BLURB: ‘Thrilling and compelling’ – Kimberley Chambers. A gritty, breakneck thriller for fans of Jessie Keane.
A beautiful model’s death uncovers an ugly conspiracy stretching all the way to Westminster in Rosie Gilmour’s darkest case to date. When rags-to-riches Scots supermodel Bella Mason plunges to her death from the roof of a glitzy Madrid hotel, everyone assumes it was suicide. Except that one person saw exactly what happened to Bella that night, and she definitely didn’t jump. But Millie Chambers has no one she can tell – alcoholic, depressed herself and now sectioned by her bullying politician husband, who would believe her? And that’s not all Millie knows. Being close to the heart of Westminster power can lead to discovering some awful secrets…Back in Glasgow, Rosie’s research into Bella’s life leads to her brother, separated from her in care years before. Dan is now a homeless heroin addict and rent boy, but what he reveals about Bella’s early life is electrifying: organised sexual abuse in care homes across Glasgow. Bella had tracked him down so that they could tell the world their story. And now she’s dead…As Rosie’s drive to expose the truth leads her closer to Millie and the shameful secrets she has kept for so many years, it becomes clear that what she’s about to discover could prove fatal: a web of sexual abuse linking powerful figures across the nation, and the rot at the very heart of the British Establishment…

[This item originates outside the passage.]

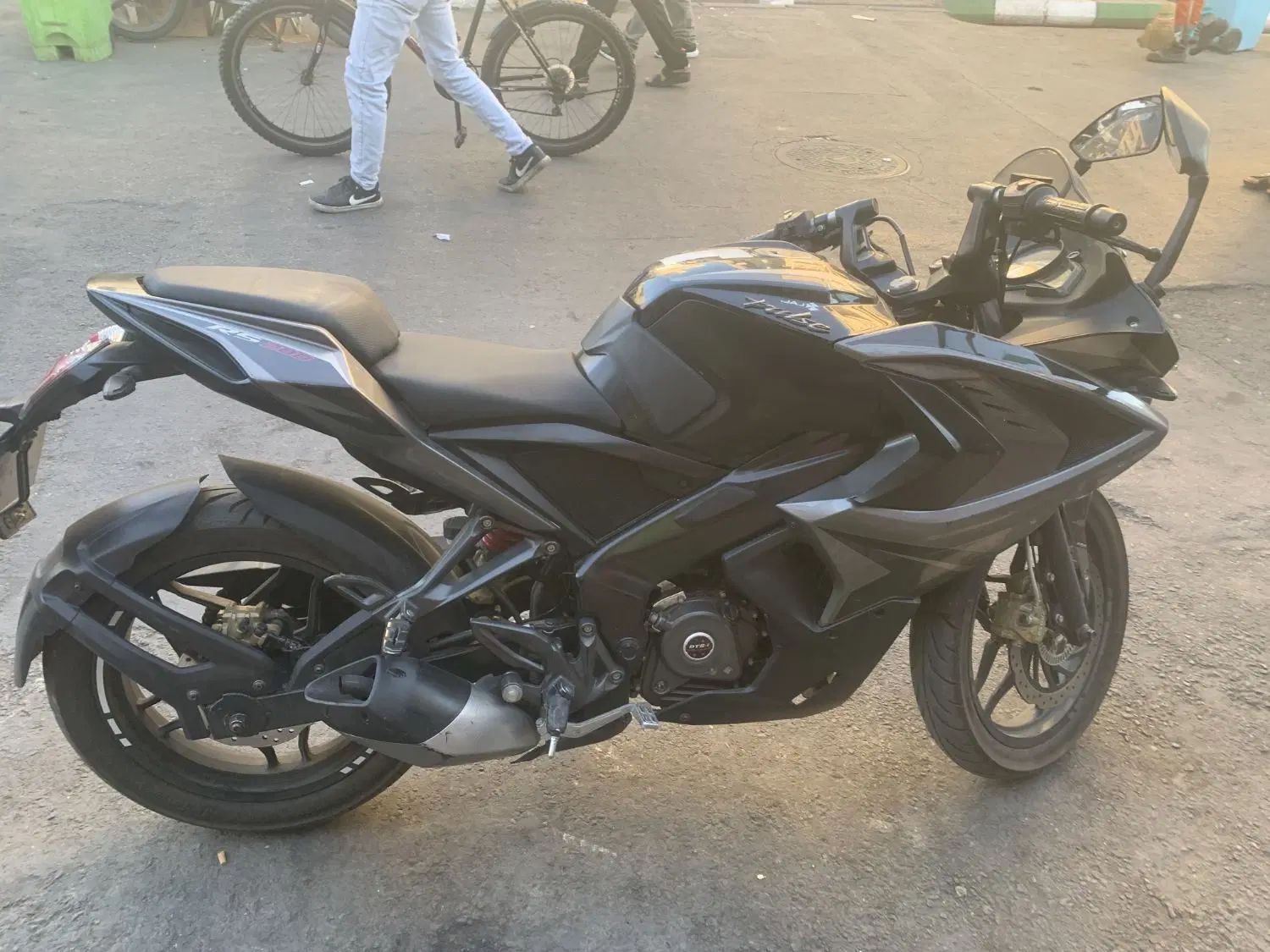 موتور rs200مدل۱۴۰۰|موتورسیکلت|مشهد, نوغان|دیوار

I was slightly dubious about reading this book, as some of the writers Anna Smith was compared to (Kimberley Chambers and Mandasue Heller) are not authors I’m huge fans of. However, I needn’t have worried. Perhaps it was the fact that the book was set mostly in Glasgow, and with a lot of Glaswegian characters, but it also helped that I was plunged right into an exciting and fast-moving story straight from the off.
The blurb above tells you all you need to know about the story. It’s obviously topical, not just in the abuse of power by men in powerful places, but when talking about the extent that the heroin explosion from the ’90s onwards has wreaked havoc in huge forgotten swathes of the city – the bits they didn’t want you to see when the Commonwealth Games were on TV. But it’s not just the (not) working classes, where unemployment and drug and/or alcohol abuse are into their third generation, who suffer from drug problems – Bella, a millionaire model, uses cocaine to dull the memory of her abuse at the hands of the older men, and put on the bright energetic professional persona that’s nothing but a façade. However, she’s tiring of it, and her threats to go to the police about the abuse are what’s led to the “accident” that caused her death. Dan, her brother (although that identity’s a closely guarded secret) smokes heroin to shut out his memories. Then there’s Millie, who drinks too much so she can cope with her emotionally and physically abusive husband, and the fact she can’t have children. She also is aware of some explosive secrets from her husband’s time as Home Secretary. They all use different substances to obtain the same result.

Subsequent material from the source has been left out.